INFORMATION SHOWN Start Marker

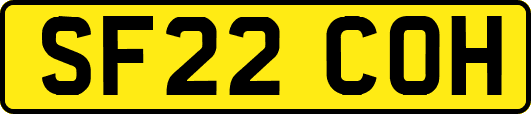 SF22COH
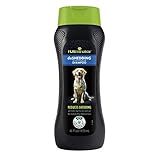 Furminator deShedding Ultra Premium Dog Shampoo, 16-Ounce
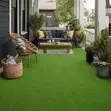 Artificial Quality Grass Carpet - 3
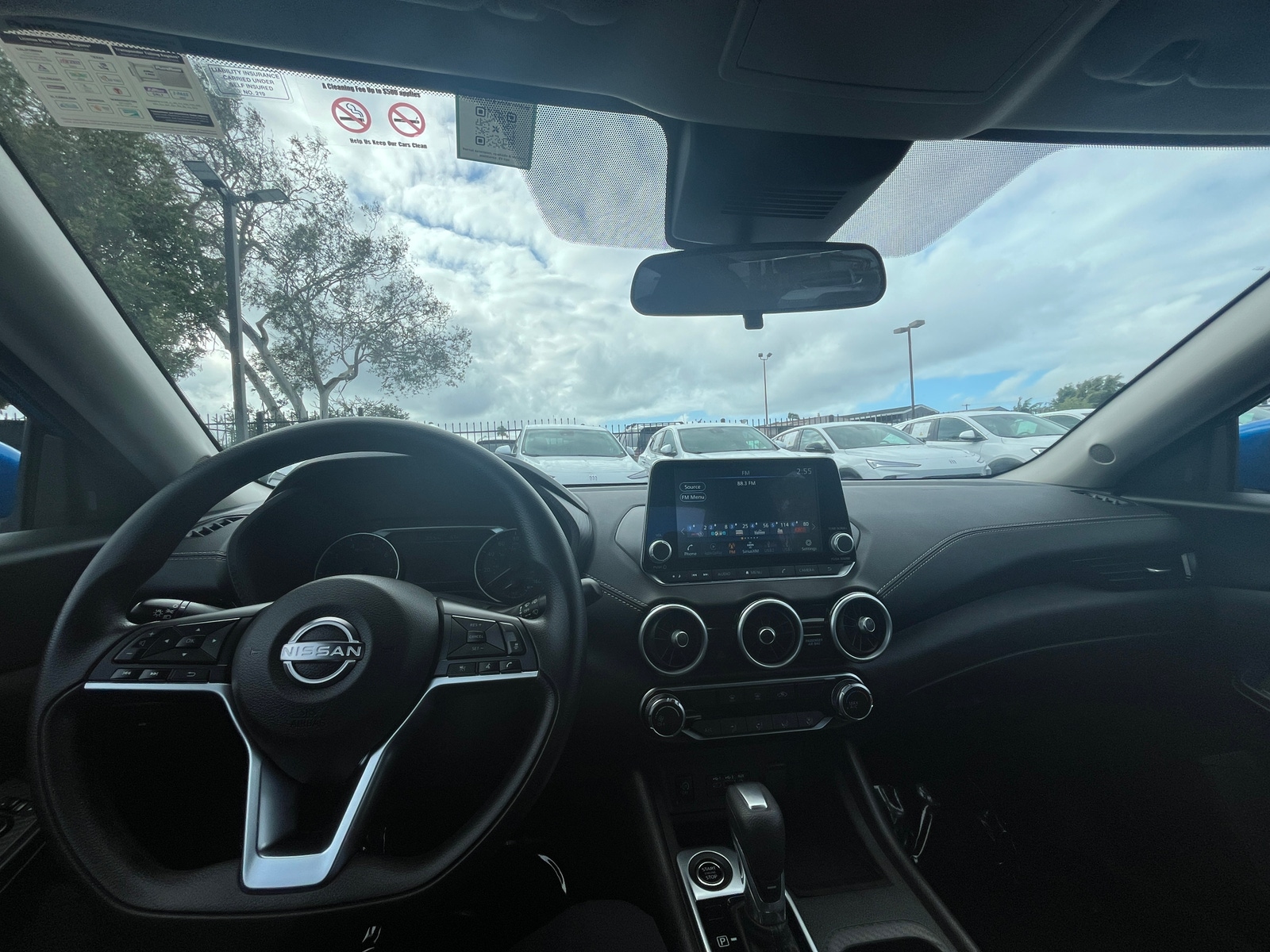 Thumbnail: 2025 Nissan Sentra - 3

INFORMATION SHOWN End Marker

Write out verbatim the lines from the one containing "Artificial Quality Grass Carpet - 3" through the last line of the listing above, and no other lines; omit pictures.

### TASK SOLUTION
 Artificial Quality Grass Carpet - 3
 Thumbnail: 2025 Nissan Sentra - 3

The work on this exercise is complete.